Gov. Greg Abbott on Wednesday told Texas regulators he wants hyperscale data centers to stop leaning on everyday customers to bankroll their power hookups, ordering them to shift the costs of connecting to and upgrading the state's electric grid onto the facilities themselves. In a directive to the Public Utility Commission of Texas and ERCOT, Abbott argued that Texans should not be subsidizing the server farms riding the current AI wave and pressed regulators to move fast to shield communities and natural resources as data center demand explodes across the state.
Abbott framed the move as a consumer protection play meant to keep transmission expenses from landing on residential bills while also guarding local water supplies and environmental resources. The order arrives as Texas faces a crush of proposed data center projects and intensifying debates over who pays for the power lines, plants and water systems that support them.
His press office posted the directive on X, saying the plan "requires data centers to cover their own infrastructure costs" and urging the PUC and ERCOT to act immediately to lower transmission costs for residents. The social media post boiled down the governor's one page letter to regulators and highlighted items he wants on the agenda for the 2027 legislative session, with his team casting the package as a way to keep unchecked development from steamrolling communities and straining local resources.

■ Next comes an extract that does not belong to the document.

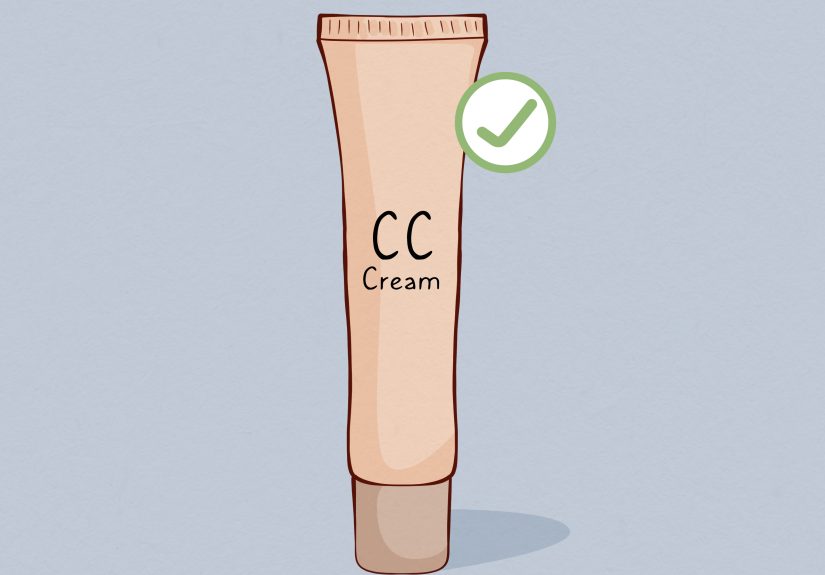 What Should You Wear When You Visit Your Boyfriend? 11 Outfit Tips for Hanging Out with Your BF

Read Gov. Abbott’s directive here: https://t.co/DvdtkYzpRV
— Governor Abbott Press Office (@govabbottpress) Jun 10, 2026
What Abbott Wants From Regulators
In the letter to the PUC and ERCOT, Abbott asks that new data centers be required to bring some of their own power to the table through on-site generation or other contributions to overall generation capacity. He also wants developers to pay the full cost of interconnection and transmission upgrades tied to their projects and to install closed-loop water systems to limit how much they pull from local supplies.
The directive further calls for annual public reporting of power and water use by these facilities and a fresh look at tax incentives, including ending certain sales tax exemptions Abbott labeled "outdated." Those recommendations, along with a copy of the directive itself, were laid out by The Texas Tribune.
Texas Grid Already Under Pressure
ERCOT grid planners have been racing to handle a surge of large load applications from data center developers. ERCOT's board recently voted to adjust how those requests are reviewed so the timelines better match what is likely to get built rather than every speculative proposal on paper. As reported by the Houston Chronicle, ERCOT and the PUC are tightening interconnection criteria and financial security rules so projects do not incur costs that end up on ratepayer bills.
ERCOT's board materials show the grid operator studying hundreds of gigawatts of proposed demand and updating its processes to cope with that volume of potential new load.
Local Projects Already Getting Repriced
State leaders have begun using public financing tools for transmission and generation projects that support new server campuses, and the terms are drawing fresh scrutiny. A recent low-interest state loan for a 570 megawatt gas plant in Sherman is a prominent example of that shift. Sherman scores 570 megawatt gas plant coverage explains how the loan and related approvals helped move the project ahead.
The PUC has also signed off on extra high voltage transmission projects intended to push more power into high-growth corridors, according to a PUC news release.
What Happens Next For Data Centers
Abbott's letter now folds into PUC rulemaking already underway after lawmakers passed SB6 last year, which gave regulators new authority over large loads and interconnection costs. Legal analysts expect the PUC and ERCOT to spend months converting the governor's wish list into enforceable rules and caution that some pieces may ultimately require legislative approval instead of a simple agency vote.
Industry attorneys told Pillsbury that developers may have to rethink project budgets if transmission and interconnection expenses are no longer quietly socialized across ratepayers.
How aggressively regulators push developers to absorb those costs and whether lawmakers choose to preserve or pare back incentives will shape where and how AI era server farms land in Texas. Community and environmental groups are gearing up to press for strict water and noise limits, while industry voices warn that piling on upfront charges could slow or divert investment. For now, Abbott's directive sets the political ground rule: state officials say ordinary electric customers should not be stuck paying for corporate expansion, and the next several months will reveal whether regulators and developers can hammer out a deal everyone can live with.